Sons of Liberty could work. After all, the very real Tea Party culled their name from the famous pre-Revolutionary War protest. Either that or maybe you could call them the Real Americans of the Swamps, using the terrain that is known in Georgia. Right wing militia seem to believe they are more American than anyone else so anything with American in the title could work (though admittedly, it would be quite controversial).


----------



## Xander416 (May 4, 2017)

Ptolemy said:


> How about "The Pioneers"?


It's too generic. A group named that could be anything from a militia group to a cub scout troop to group of frontier life reenactors.



> Or something to due to advancement?


Not quite sure I understand what you mean.


----------



## Ptolemy (May 4, 2017)

Xander416 said:


> Not quite sure I understand what you mean.

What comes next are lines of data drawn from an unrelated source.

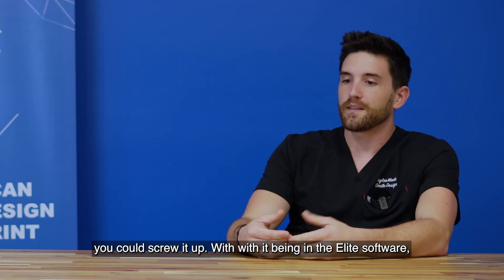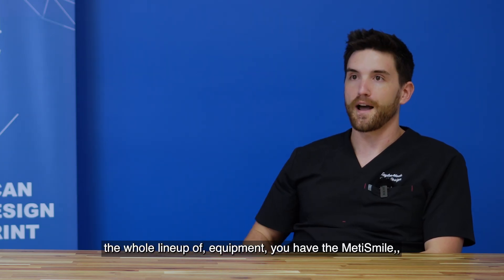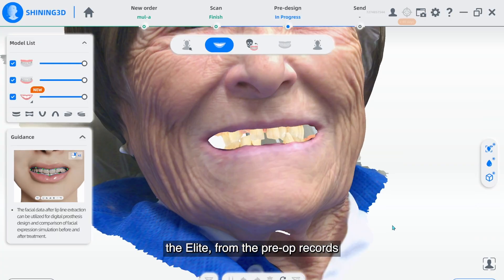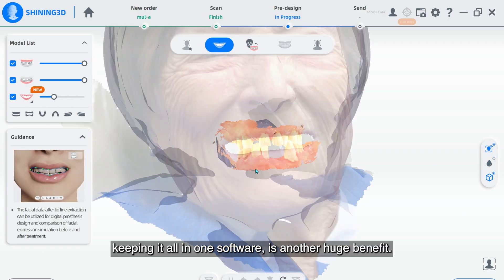With it being in the Elite software, it puts that task in the hands of the user. And if you have the whole lineup of equipment — you have the MediSmile, the Elite — from pre-op records to surgery records to post-op records, keeping it all in one software is another huge benefit.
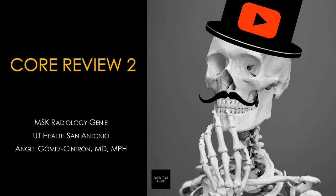Hello, this is Dr. Gomez from the University of Texas Health in San Antonio. Today we're going to continue with the core exam review — this is Part Two.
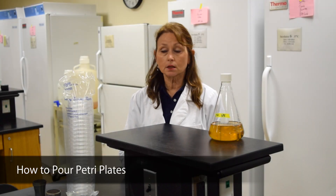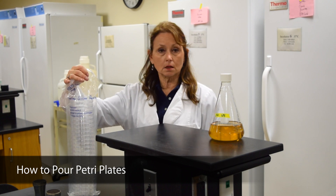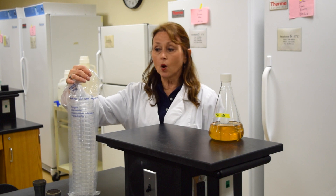This demonstration is to show you how we pour petri plates. Petri plates are sterile. They're found in these sterile plastic bags and they're used only once.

Didn't mean "due" meant to say "do" (It's early in the morning for me)

I'm just saying maybe you could look up some synonyms for revolutionary words and incorporate them into the group name.


----------



## Jamboree (May 4, 2017)

Perhaps take a look at the state's history to see if you can find anything interesting. It's nicknames could help. Not 'Peach State' perhaps but 'Empire state of the south'.
As MrMustard said, using geography would be good. Kennesaw mountain was a civil war battle that took place in Georgia. 

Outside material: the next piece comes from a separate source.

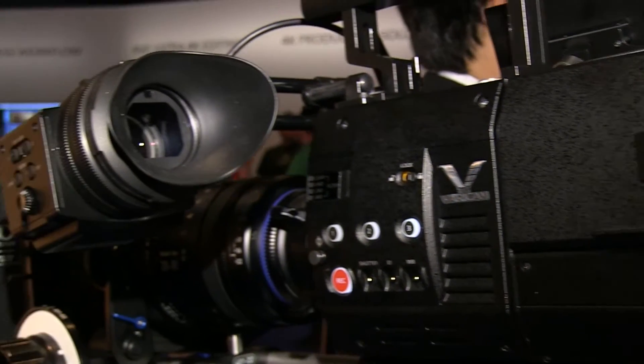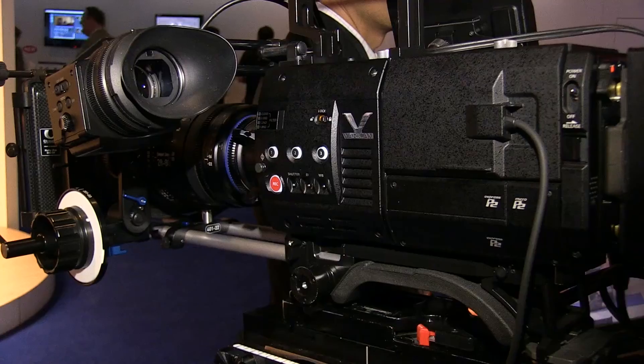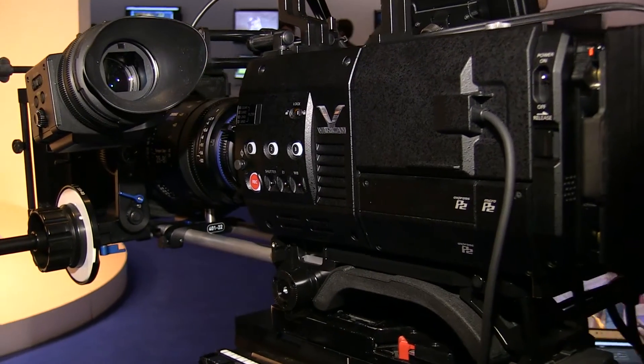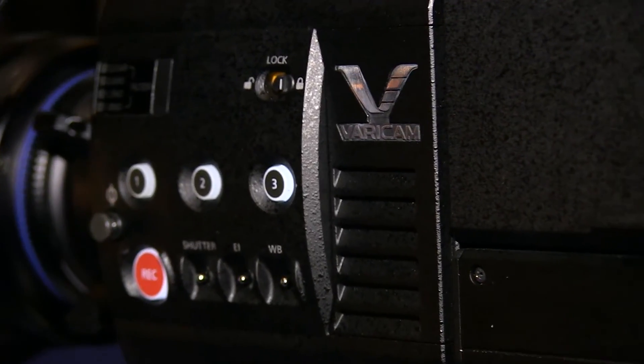The recorder, camera head, and viewfinder for the Vericam HS is a suggested price of under 45,000 euros. For the Vericam 35, the recorder, head, and viewfinder suggested retail price will be under 50,000 euros, and they'll be launched and released in the autumn of this year.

However, if you want to put Georgia in the name then perhaps one of the follwing; Freedom movement, Brotherhood, Salvation. The internet is a whacky place, there's probably a revolution name generator somewhere!


----------



## bdcharles (May 4, 2017)

Here's my braindump:

The Freedom Mountain Boys
Church of End-Time Jesus Warriors
The Georgian Front
First Army
Man Alive!
Pussyrockers Anonymous
The Liberation Gun Militia
Valdosta National Troopers
Final Force
God's Shotgun

I dunno. I'm just going on and on. Sounds like a lineup for a hillbilly-themed punk rock fest, doesn't it?


----------



## sas (May 4, 2017)

Ok, if you let girls play, here's my suggestion:

*Blood Knots*

They are used to connect fishing lines together.
Implication would be that the members would be connected, and would sacrifice themselves, as blood brothers, if needed.

sas


----------



## who me? (May 4, 2017)

Xander416 said:


> You know the type, those survivalist "patriot" types like the Oath Keepers that harbor profuse hatred for the US government and espouse every conspiracy theory known to man. I at first called them the Georgia Rangers (the name inspired by Mosby's Rangers, a CSA cavalry battalion during the American civil war), but it felt too bland and I tentatively changed it to Sons of Liberty which, with all due respect to the _real_ Sons of Liberty and their role in beginning the American revolution, sounds a little too cliche. Unfortunately, I'm drawing a complete blank here. ale:


-------------------------------

FF21

for 21st century freedom fighters


----------



## J Anfinson (May 7, 2017)

It sounds like you may not be trying very hard to understand why those groups believe as they do, which is the key to realistically portraying anything no matter what side of the fence you're on. I think there's too much misinformation that gets tossed around and it creates biased views, much like far right-wingers do concerning the far left. I've found that making a serious effort to understand opposing views leads to not only learning new things, but to new ideas. Maybe you could stumble upon the perfect name that way.


----------